CIEH backs prohibition on smoking in cars carrying children

Publication Date: 16th July 2014

Subject: Public health

Yesterday the government published: ‘Smoking in private vehicles carrying children – consultation on proposed regulations to be made under the Children and Families Act 2014.’

The government is proceeding with the introduction of regulations and is seeking views on draft regulations before they are made.

The existing smoke-free legislation already protects children when they are travelling in all forms of public transport and the CIEH believes it is entirely sensible that they should also be protected when travelling in private vehicles, whether they are being driven by their parents and family members or anyone else.

Principal policy officer, Ian Gray, said: ‘Polls have shown that the vast majority of people already understand that the confined enclosed space of a motor vehicle is one of the worst places to smoke and the last place that you would want your children to be exposed to other people’s smoking. It can be anticipated therefore that the adoption of this law will act as a further deterrent and that the need for enforcement action will be limited.’

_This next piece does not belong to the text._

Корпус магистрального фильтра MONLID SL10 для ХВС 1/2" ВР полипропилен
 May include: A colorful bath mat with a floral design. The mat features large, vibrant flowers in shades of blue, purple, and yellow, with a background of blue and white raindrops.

Under the proposed regulations existing smoke-free legislation as set out in the Health Act 2006 will be extended so it would be an offence to smoke or to fail to prevent smoking in a private vehicle with someone under the age of 18 present.

The CIEH recognises that dealing with offences under this legislation will not be without problems and supports the government’s intention that enforcement will mainly be the responsibility of local police who will be able to use their existing powers to stop vehicles and require drivers and passengers to identify themselves. However, the CIEH anticipates that local authorities will also want to authorise some of their own officers so that they can take part in campaigns to promote compliance and deal with offences when information and advice fail to have effect.

Mr Gray concluded: “The CIEH has previously stated that smoking should be considered to be a ‘driver distraction’ as is eating or drinking at the wheel or using a mobile phone, and that an additional measure for government to consider would be a total prohibition on drivers smoking in any motor vehicle on the grounds that smoking constitutes a hazard to safe driving.”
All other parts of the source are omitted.